On March 12th I was invited to join the owner of DR.iNK Fulham, Shrila, in her home above the shop for an evening of craft beers paired with five vegetarian Gujarati dishes. The session was lead by master brewer Alex Barlow and the Gujarati food cooked by Shrila’s family.
As an aperitif we sipped on Mort Subite Gueuze, a style of Lambic beer from Belgium spontaneously fermented with wild yeast. Having never had a Gueuze before, I found it to be incredibly refreshing as an aperitif and a really great and easy drink to serve before dinner.

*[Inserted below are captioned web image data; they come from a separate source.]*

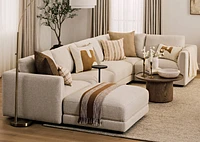 Renard Throw 50x60 Mushroom/Ivory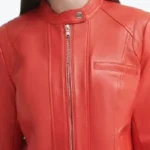 Orana Leather Jacket Collar Rare Jacket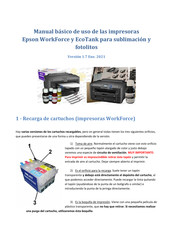 Epson WorkForce Serie Manual Básico De Uso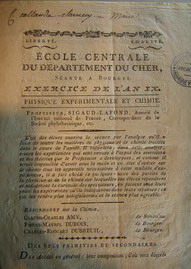 épreuve de chimie an IX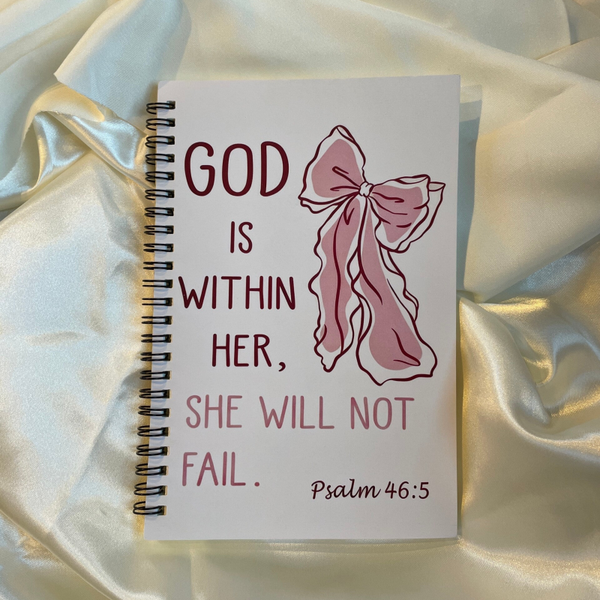Notitieboekje 'God is within her, she will not fall'
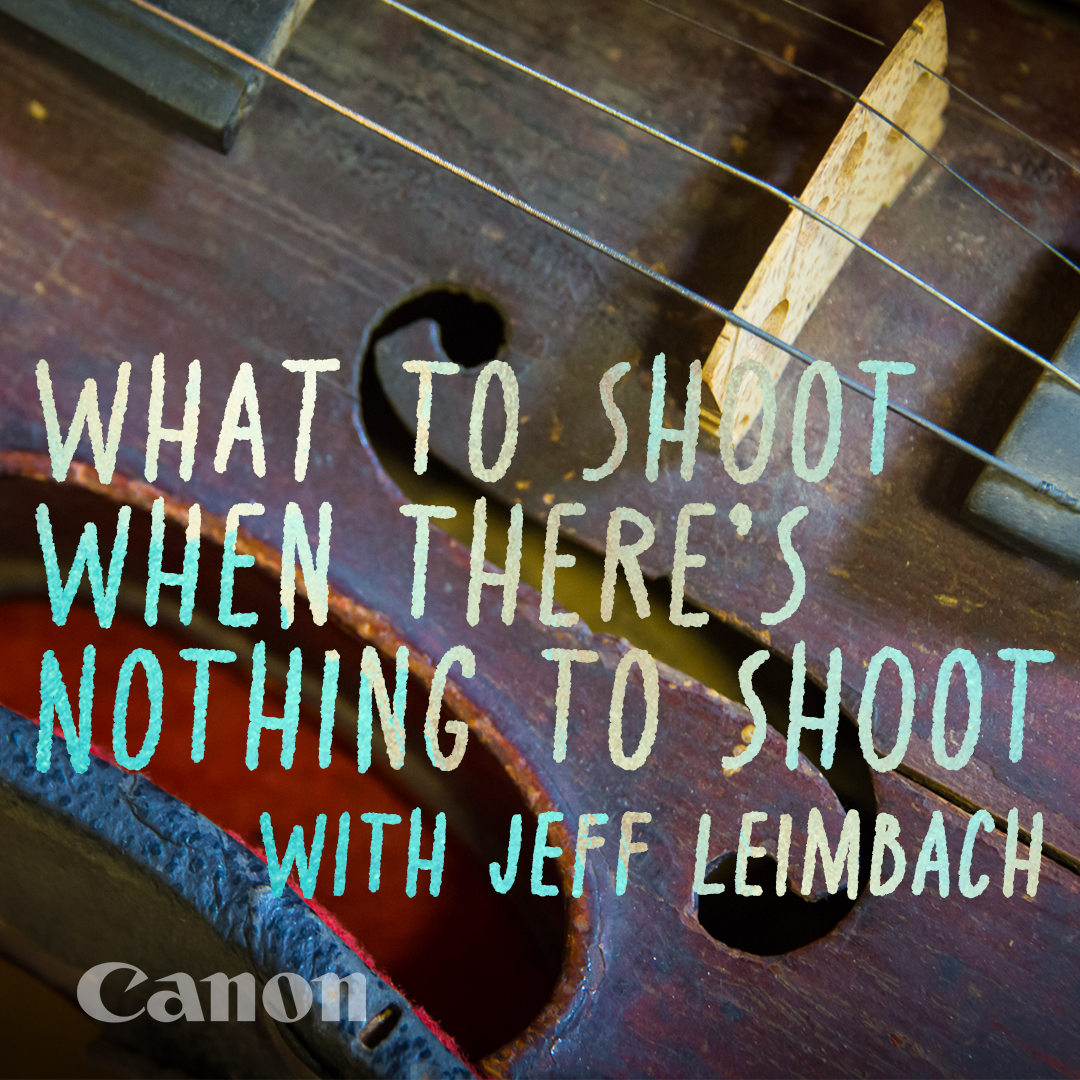 What to Shoot When There's Nothing to Shoot with Jeff Leimbach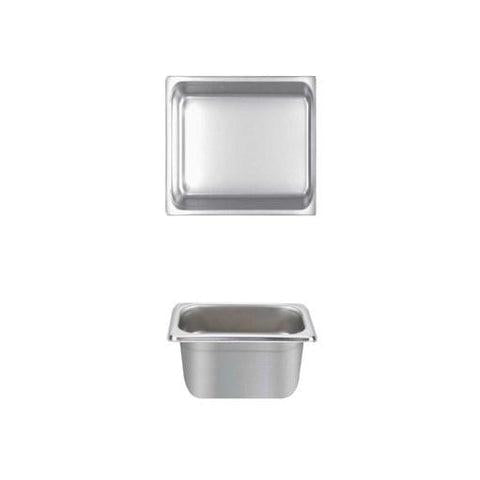Thunder Group STPA9164 Sixth Size, 4" Deep Steam Table Pan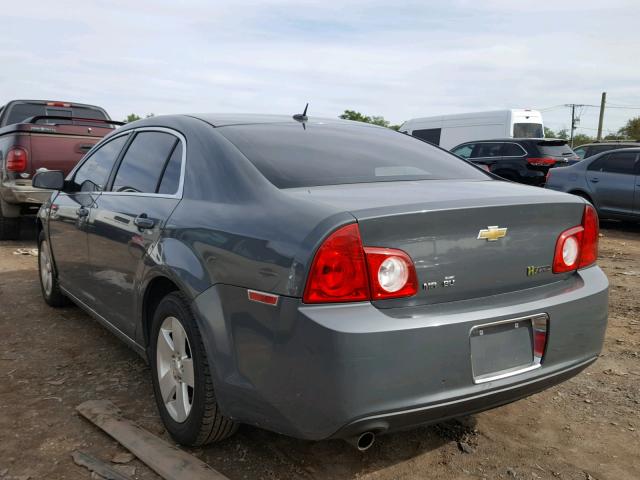 1G1ZF57578F239681 - 2008 CHEVROLET MALIBU HYB ნაცრისფერი ფოტო 3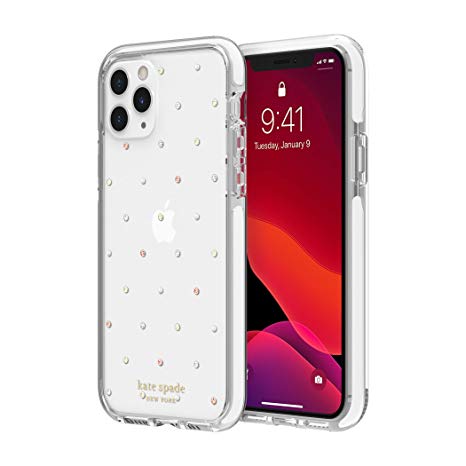 kate spade new york Pin Dot Case for iPhone 11 Pro - Defensive Hardshell with White Bumper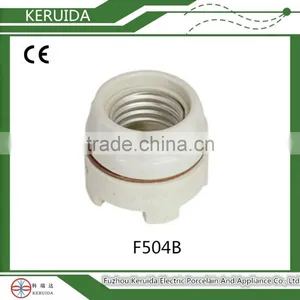 CE VDE Approved E27 Ceramic Lamp Bulb Holder With Factory Price thumbnail-1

Our first dish of the evening was a Dahi Puri, paired with Freedom Pilsner and Fruh Kolsch. Perhaps one of my favorite Indian snack foods, Dahi Puri is a bite-sized, round, hollow shell stuffed with chickpeas, tamarind, date, chili and corriander chutney and garnished with sev and yogurt. The puri worked well paired with the Freedom Pilsner, (the only lager of the night) with the beer cleansing the palate and its touch of bitterness proving a good match to the warmth from the chili in the puri.
Paneer Samosas were paired with a Celis White, (a Witte style beer) and Saison Dupont. I particularly enjoyed the Celis White alongside the samosas, as its light floral and fruit notes really complemented the dill in the Samosa. Whilst the Saison Dupont was a lovely beer to sip on its own, it wasn’t a great match to the Samosa.
Ragdo Pattis, (a dish of green pea patties topped with chickpea ragdo cooked with tomatoes, onions, ginger, jaggery, chili and corriander) was paired with Kernel Citra IPA, (an India Pale Ale) and Williams Brothers Ginger, a spiced Ale. The Kernel Citra IPA was my favorite beer of the evening, both because of its ability to pair well with the food and its surprisingly misleading aroma in relation to its taste. With huge tropical and sugary aromas, its taste is actually quite delicate with only a bit of sweetness from the malt coming through before its bitter finish thanks to the American hops. Such a great beer, but coming from Kernel that’s no big surprise. The Williams Brother Ginger was also lovely – an adult’s ginger brew – and not too sweet or sugary, which really set it apart from other ginger brews on the market.
Idli Sambal was paired with a Blonde beer, Hopback Summer Lightning and Copper Dragon Challenger, a Pale Ale. The Summer Lightning matched the dish the best, mellowing out the slight spiciness from the red lentil dal with sambal masala served alongside the Idli. The Copper Ale was a bit lacklustre for me – it wasn’t brilliant, nor was it offensive but just lacked character overall and didn’t add anything to its pairing with the Idli.
The last dish of the evening was a Vegetable Curry, (made with sweet potato, butternut squash and green beans) paired with another Pale Ale, Thornbridge Kipling and a Weisse Bock, Schneider Aventinus. The banana, malty and licorice notes of the Schneider Weisse worked surprisingly well alongside the vegetable curry and at 8.2% ABV has a great kick to it.
As a Digestif, we sipped on Old Engine Oil, a Porter-style beer from Harviestoun Ola Dubh. A great beer to end on, it was incredibly smooth with big notes of dark chocolate and just a bit of bitterness to balance it out.
Upcoming supperclubs are on the 15th and 16th of April and the 13th and 14th of May and cost £40 per person for 12 samples of craft beers and five Gujarati vegetarian dishes. For further details be sure to contact Shrila on 0207 610 6795 or email@example.com. And if you don’t get the chance to join Shrila in her home for a supperclub, do stop by her amazing shop in Fulham which, when fully stocked, has over 600+ bottled beers. She also sells various homemade curry pastes, (including the one in our vegetable curry) and on Saturdays you can buy freshly-made Indian snacks from the counter.
A big thank you to Shrila, Alex and Su-Lin for a wonderful evening and showing us all that there’s more than just lager to be had with Indian food.